Local government leaders must also be willing to challenge historical precedents. Consider traffic stops: Recently, The New York Times reported on how the demand for fines and fees revenue can shape and drive police traffic stops. Given that reporters also documented how many police traffic stops can become dangerous or fatal, local governments should be open to imagining what traffic enforcement could look like without police. Some scholars have proposed frameworks for decoupling traffic enforcement from police functions, and Boston’s newly elected Mayor Michelle Wu has proposed  civilianizing traffic stops. Meanwhile, local leaders in Berkeley, Calif. are investigating existing practices within their police department as they aim to reduce or eliminate the use of police officers to enforce traffic infractions.

While challenging historical precedents may not result in major reforms in the short term, beginning this review process could lead to new insights or even alternative approaches over the long term.

Consider ways ARP or philanthropic funds can help local governments achieve their reforms

Local leaders have several options for using ARP funds to support their fines and fees reform efforts, including aligning their funding or obtaining matching grants from other funders, such as through philanthropy. For further guidance on the ARP, compliance, and reporting requirements, the Treasury Department provides a regularly updated FAQ. Some key areas where funds, including philanthropic funds, could be allocated include:

  • A cost-benefit analysis of current revenue collection practices to determine how much money the local government spends on collecting fines and fees revenue.
  • A study to identify the sources of inequitable outcomes due to existing fines and fees policies, as well as a study to evaluate reform efforts.
  • A pilot reform of existing payment plan options, such as lowering thresholds for entering into payment plans or establishing sliding-scale payment options, which take into account a person’s ability to pay a fine.
  • A grant supporting the inclusion of residents and directly impacted groups as part of the policy development process.

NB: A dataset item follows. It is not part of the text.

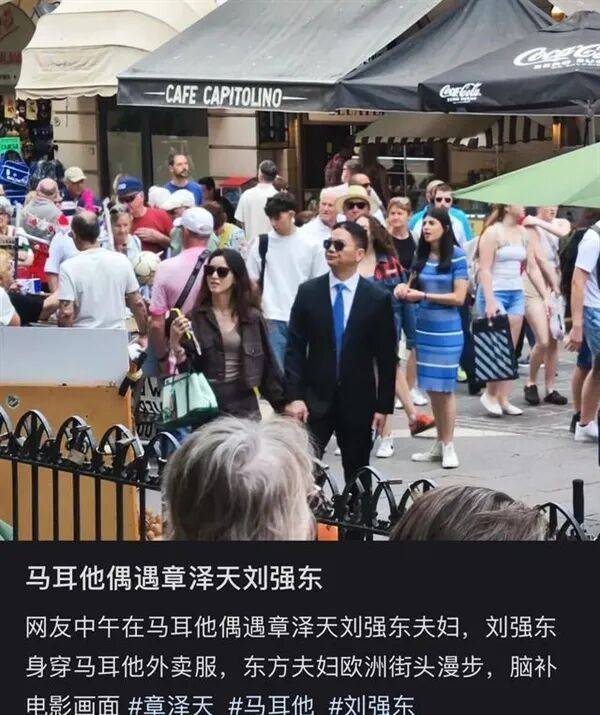 买球游戏网址
_刘强东发朋友圈:谁给我拍的照片买球游戏网址
?让我在老婆面前没了自信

In funding research, policymakers must be careful not to simply conduct studies for their own sake. Several studies and reports have already documented the disparity in outcomes—more research is needed to not only identify the sources of inequities but also to start addressing them.

Grants and ARP funds should also be used whenever possible to ensure inclusive participation in governance and decisionmaking. For example, small grants can be used to provide food, child care, and interpretation at public meetings and community listening sessions so more residents can participate. In Chicago, the Chicago Community Trust funded such participatory efforts, ensuring parents, immigrants, and directly impacted populations were included at decisionmaking tables to inform fines and fees policy reforms.

A pivotal moment for reforming fines and fees practices is here

To reform fines and fees practices, local officials can work with and listen to directly impacted populations on everything from parking ticket amounts to payment plans to utility fines and fees. Government leaders should ensure their fines and fees policies are equitable, efficient, cost-effective, and transparent, and numerous resources are available for them to do so. The Cities & Counties for Fine and Fee Justice Network, for example, provides webinars, roadmaps, and other resources for possible solutions.

Meanwhile, ARP funds are providing local leaders with ample breathing room and flexibility to ask broader questions regarding their budgets and revenue collection practices. Using the six considerations above, local government leaders should use this opportunity to begin long-overdue fines and fees reforms.